Index | Next | Previous | View Threaded

carstenmattner at gmail

Jul 25, 2012, 7:48 AM

Post #1 of 6 (420 views)
Permalink

seccomp_filter

Can I configure openssh with --sandbox=seccomp_filter and have it still run
on older kernels with sandboxing via rlimit? I'm asking from a linux
distro packaging
point of view. Does --sandbox=seccomp_filter keep the rlimit sandbox?
It looks to
me as if I can only link in one of the sandbox plugins.

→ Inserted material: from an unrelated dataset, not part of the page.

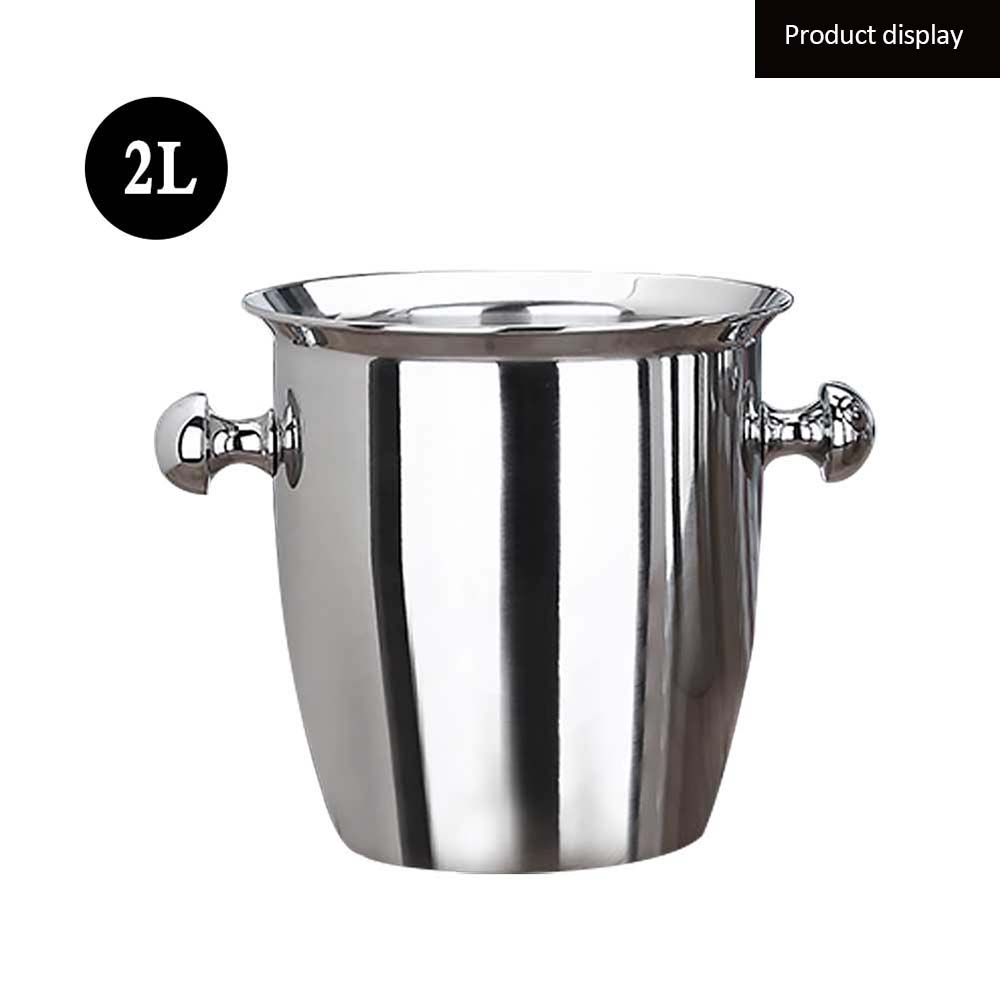 2L/5L Stainless Steel Thicken Red Wine Ice-pail Co... – Grandado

An openssh build with seccomp_filter enabled will probably have no sandbox
at all on linux < 3.5. Is that correct? Would it start up linux 3.4 or
3.2 at all?
_______________________________________________
openssh-unix-dev mailing list
openssh-unix-dev [at] mindrot
https://lists.mindrot.org/mailman/listinfo/openssh-unix-dev

djm at mindrot

Jul 25, 2012, 4:26 PM

Post #2 of 6 (391 views)
Permalink

Re: seccomp_filter [In reply to]

On Wed, 25 Jul 2012, Carsten Mattner wrote:

> Can I configure openssh with --sandbox=seccomp_filter and have it still run
> on older kernels with sandboxing via rlimit? I'm asking from a linux
> distro packaging
> point of view. Does --sandbox=seccomp_filter keep the rlimit sandbox?
> It looks to
> me as if I can only link in one of the sandbox plugins.
>
> An openssh build with seccomp_filter enabled will probably have no sandbox
> at all on linux < 3.5. Is that correct? Would it start up linux 3.4 or
> 3.2 at all?

HEAD will fallback to the rlimit pseudo-sandbox if seccomp was enabled at
compile-time but is not available at runtime. openssh-6.0 will fatal() for
these cases.

-d
_______________________________________________
openssh-unix-dev mailing list
openssh-unix-dev [at] mindrot
https://lists.mindrot.org/mailman/listinfo/openssh-unix-dev

carstenmattner at gmail

Jul 26, 2012, 4:50 AM

Post #3 of 6 (399 views)
Permalink

Re: seccomp_filter [In reply to]

On Thu, Jul 26, 2012 at 1:26 AM, Damien Miller <djm [at] mindrot> wrote:
>
>
> On Wed, 25 Jul 2012, Carsten Mattner wrote:
>
>> Can I configure openssh with --sandbox=seccomp_filter and have it
>> still run on older kernels with sandboxing via rlimit? I'm asking
>> from a linux distro packaging point of view. Does
>> --sandbox=seccomp_filter keep the rlimit sandbox? It looks to me as
>> if I can only link in one of the sandbox plugins.
>>
>> An openssh build with seccomp_filter enabled will probably have no
>> sandbox at all on linux < 3.5. Is that correct? Would it start up
>> linux 3.4 or 3.2 at all?
>
> HEAD will fallback to the rlimit pseudo-sandbox if seccomp was enabled at
> compile-time but is not available at runtime. openssh-6.0 will fatal() for
> these cases.

That sounds good. Is it available in a single commit I could backport
until the next release? Is it correct that November 2012 is the
release date for 6.1?
_______________________________________________
openssh-unix-dev mailing list
openssh-unix-dev [at] mindrot
https://lists.mindrot.org/mailman/listinfo/openssh-unix-dev

djm at mindrot

Jul 26, 2012, 4:57 AM

Post #4 of 6 (393 views)
Permalink

Re: seccomp_filter [In reply to]

On Thu, 26 Jul 2012, Carsten Mattner wrote:

> > HEAD will fallback to the rlimit pseudo-sandbox if seccomp was enabled at
> > compile-time but is not available at runtime. openssh-6.0 will fatal() for
> > these cases.
>
> That sounds good. Is it available in a single commit I could backport
> until the next release? Is it correct that November 2012 is the
> release date for 6.1?

It will probably be sooner than that. Perhaps late this month even.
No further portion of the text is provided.